And some additional comments on the evolution of wireless networks in my talk
from Battlemesh last year: [https://www.youtube.com/watch?list=PL3bvPCw5QCLJ-
VJPamVeQx-U...](https://www.youtube.com/watch?list=PL3bvPCw5QCLJ-VJPamVeQx-
UPNBVyaopj&v=vJL8xrQ3gOE)

One part that made the problem more tractable was that we both ran the network
_and_ made the devices. This almost never happens. It means we could optimize
the devices for quality and supportability instead of making the usual
consumer device tradeoffs (is it pretty enough? cheap enough? glitzy enough?).

------
erikb
It sounds very attractive to developers, and I myself was a huge fan of this
way of thinking for a long time. Sadly real life teams are never even close to
this. And there are reasons for that, which we might like or not. But they
have to be accepted. For instance most project leaders are not good developers
nor good managers. And they don't really want to advertise that fact, because
just like us they believe that anybody actually cares. So they get even worse
by not tracking relevant metrics and instead focus (not by coincidence but by
cunning) on metrics that are painful for developers, like current_open_bugs,
or open_features_that_nobody_understands_and_that_where_discussed_with_nobody.

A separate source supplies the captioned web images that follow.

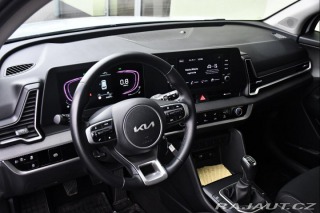 Kia Sportage 1.6CRDi COMFORT ČR ZÁRUKA 2022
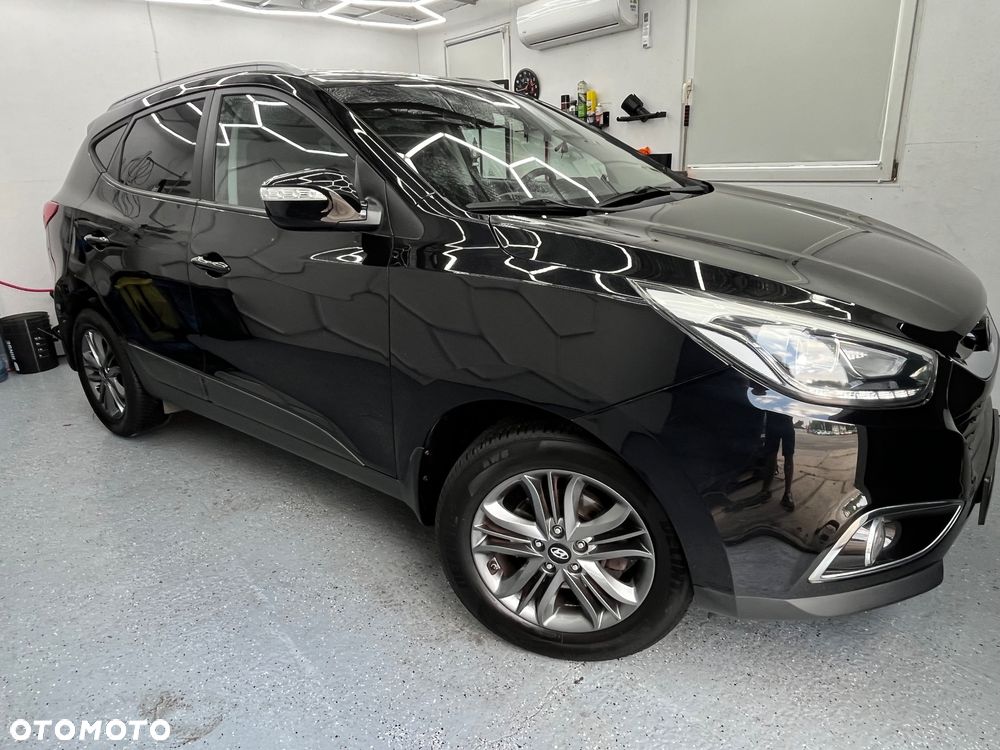 Hyundai ix35 - 1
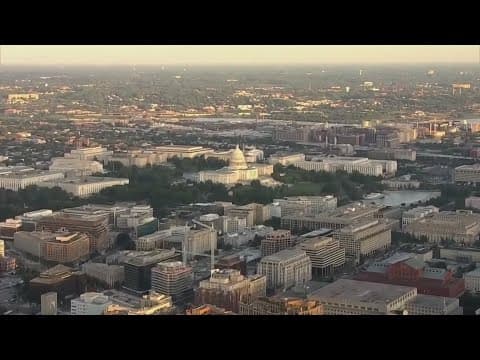 Deadline approaches for federal workers to accept Trump's buyout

They do that because it increases pressure on developers, hooks them with
their desire to become better, and they provide automatic goals that can never
be achieved. And these are the desired outcomes for the project leaders.

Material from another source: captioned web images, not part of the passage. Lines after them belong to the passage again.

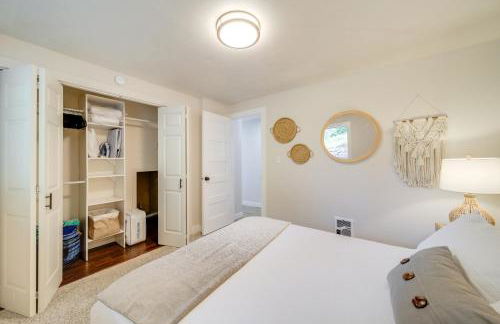 Tree-Lined Hayden Home with Hot Tub and Lake Views! - Foto 17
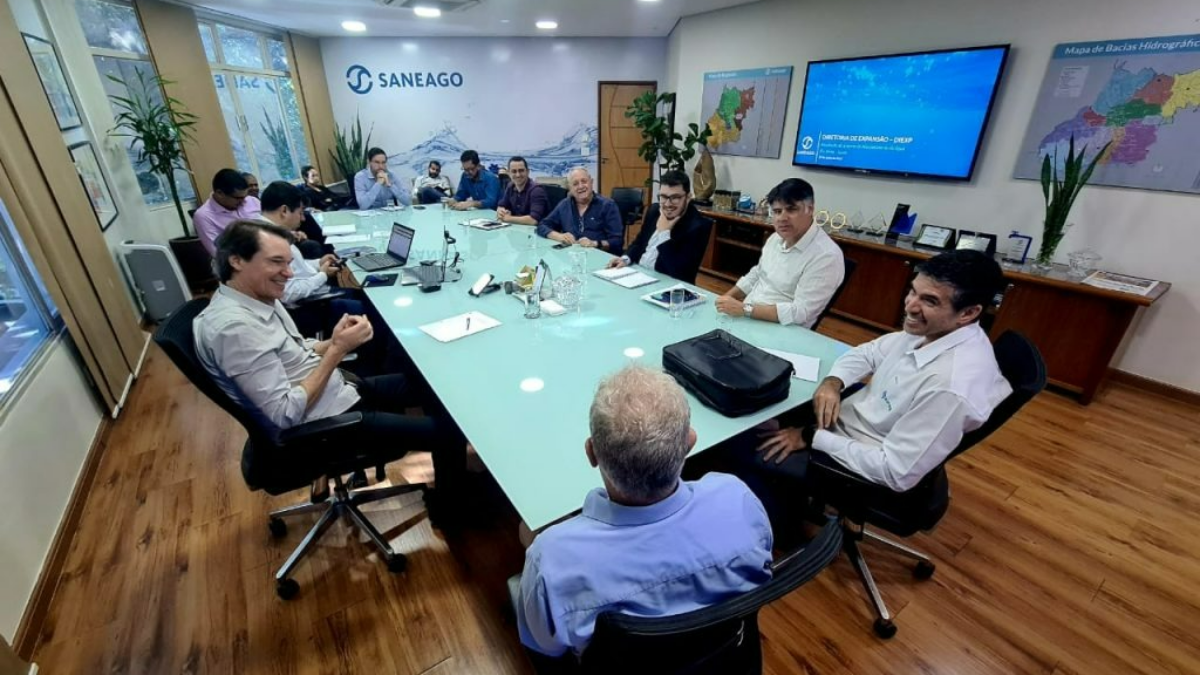 Presidente da Amae acompanhou o Prefeito Paulo do Vale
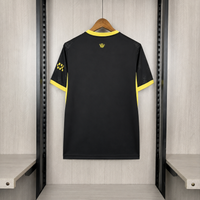 Camisa ll Oficial do Manchester City 26/27 - Torcedor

Because if everybody is under time pressure, you don't need to worry that
someone might steal your job, if everybody already feels bad about themselves
they will not criticize you openly (and are motivated to work harder), and if
there are always automatic goals you don't need to think about new goals all
the time.

What is interesting to me is that nobody puts these people actively at the top
of the projects. It's more like they grow to these positions naturally. But
now that they are there, you can't really apply the logic from the
presentation to convince them. Insted you might even give them the impression
that they don't apply enough pressure yet because you are criticising their
job.